Beberapa waktu yang lalu saya sempat membaca salah satu keluhan seorang ayah yang merasa kesulitan untuk mencari sekolah untuk putranya yang baru berusia 3,5 tahun. Kesulitan yang dialami beliau bukan seputar keterbatasan biaya untuk menyekolahkan putranya di tengah himpitan biaya sekolah yang mahal, bukan pula tentang kesulitan mencari sekolah atau play group yang bersedia menerima murid dengan usia 3,5 tahun. Kesulitan yang dialami beliau berangkat dari sebuah kekhawatiran akan kurikulum yang diajarkan dalam materi pendidikan di sekolah tersebut. Netralitas. Susahnya mencari sekolah netral.
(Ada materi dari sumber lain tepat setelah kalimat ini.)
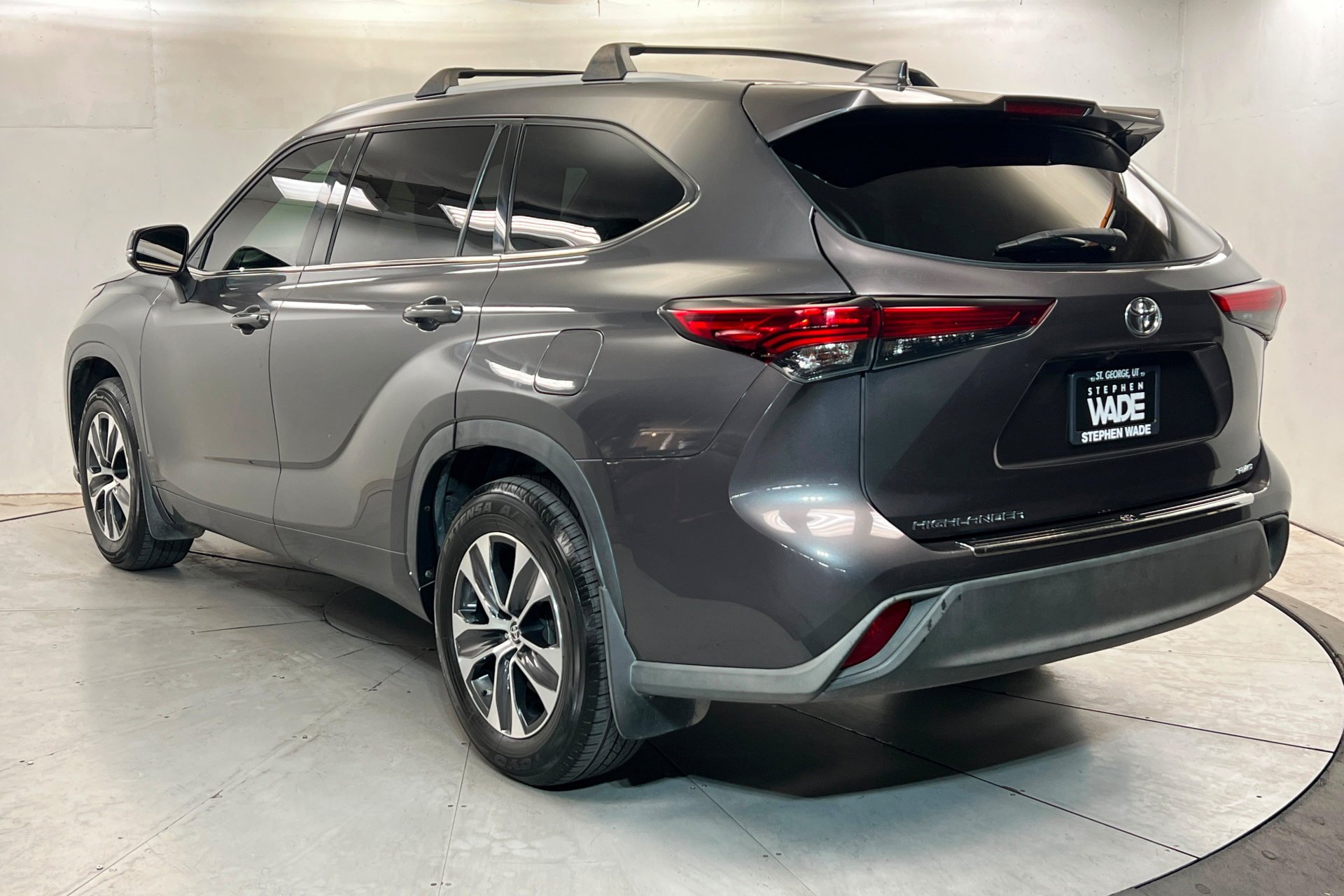 Used 2022 Gray Toyota XLE image 3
Netralitas di sini tidak berarti sekolah yang secara memiliki independensi dari segi konglomerasi atau hal lain. Netralitas dalam hal ini menyangkut tentang kebebasan dari pengajaran keagamaan yang membebani. Netralitas yang mana sekolah mampu menjadi wadah penyemaian identitas kultural yang plural, solider, dan mengajarkan penghargaan terhadap orang lain (sesama peserta didik lain) yang berbeda latar belakang sosio-kultur. Netralitas yang mengedepankan "Bhinneka Tunggal Ika" atau "Unity in Diversity" sebagai pijakan utama yang membentuk kepribadian anak sebagai peserta didik.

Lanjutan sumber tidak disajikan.